**What you will do**. Copy out exactly the stretch of the listing below that begins at the line containing "Chill Pills Gift Pack 350g - Blueberry" and ends at the line containing "Laptop Apple MacBook Pro MKGP3", and copy nothing outside it.

----- Given information

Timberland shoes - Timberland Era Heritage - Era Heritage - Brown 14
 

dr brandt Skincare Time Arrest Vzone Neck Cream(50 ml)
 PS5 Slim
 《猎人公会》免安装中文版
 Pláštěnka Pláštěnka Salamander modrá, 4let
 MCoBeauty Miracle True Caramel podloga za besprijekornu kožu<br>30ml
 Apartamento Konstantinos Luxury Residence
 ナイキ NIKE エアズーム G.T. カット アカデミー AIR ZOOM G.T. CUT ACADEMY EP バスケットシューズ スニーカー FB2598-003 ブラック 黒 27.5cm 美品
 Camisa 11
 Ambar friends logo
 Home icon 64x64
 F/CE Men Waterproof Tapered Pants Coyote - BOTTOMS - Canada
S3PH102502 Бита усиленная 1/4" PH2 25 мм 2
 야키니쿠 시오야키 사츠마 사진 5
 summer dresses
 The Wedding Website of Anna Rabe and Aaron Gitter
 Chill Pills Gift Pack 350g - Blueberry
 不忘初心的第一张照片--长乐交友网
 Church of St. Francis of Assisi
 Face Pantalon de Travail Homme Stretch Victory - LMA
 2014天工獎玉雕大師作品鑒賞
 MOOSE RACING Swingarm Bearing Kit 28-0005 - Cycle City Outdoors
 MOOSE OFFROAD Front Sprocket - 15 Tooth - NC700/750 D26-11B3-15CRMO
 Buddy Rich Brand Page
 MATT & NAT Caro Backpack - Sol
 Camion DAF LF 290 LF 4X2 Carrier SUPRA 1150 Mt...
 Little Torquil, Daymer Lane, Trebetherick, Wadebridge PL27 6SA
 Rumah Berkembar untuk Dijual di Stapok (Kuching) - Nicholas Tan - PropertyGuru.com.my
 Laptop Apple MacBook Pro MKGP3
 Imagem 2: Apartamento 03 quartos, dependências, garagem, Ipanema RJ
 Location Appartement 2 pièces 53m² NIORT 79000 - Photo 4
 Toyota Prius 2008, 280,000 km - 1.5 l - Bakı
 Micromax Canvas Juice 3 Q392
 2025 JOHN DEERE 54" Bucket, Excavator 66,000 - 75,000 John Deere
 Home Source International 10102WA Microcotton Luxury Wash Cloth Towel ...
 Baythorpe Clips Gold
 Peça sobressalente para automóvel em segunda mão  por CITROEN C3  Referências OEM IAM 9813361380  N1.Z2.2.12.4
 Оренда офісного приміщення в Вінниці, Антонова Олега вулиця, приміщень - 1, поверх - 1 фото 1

----------

**Your response**.
 Chill Pills Gift Pack 350g - Blueberry
 不忘初心的第一张照片--长乐交友网
 Church of St. Francis of Assisi
 Face Pantalon de Travail Homme Stretch Victory - LMA
 2014天工獎玉雕大師作品鑒賞
 MOOSE RACING Swingarm Bearing Kit 28-0005 - Cycle City Outdoors
 MOOSE OFFROAD Front Sprocket - 15 Tooth - NC700/750 D26-11B3-15CRMO
 Buddy Rich Brand Page
 MATT & NAT Caro Backpack - Sol
 Camion DAF LF 290 LF 4X2 Carrier SUPRA 1150 Mt...
 Little Torquil, Daymer Lane, Trebetherick, Wadebridge PL27 6SA
 Rumah Berkembar untuk Dijual di Stapok (Kuching) - Nicholas Tan - PropertyGuru.com.my
 Laptop Apple MacBook Pro MKGP3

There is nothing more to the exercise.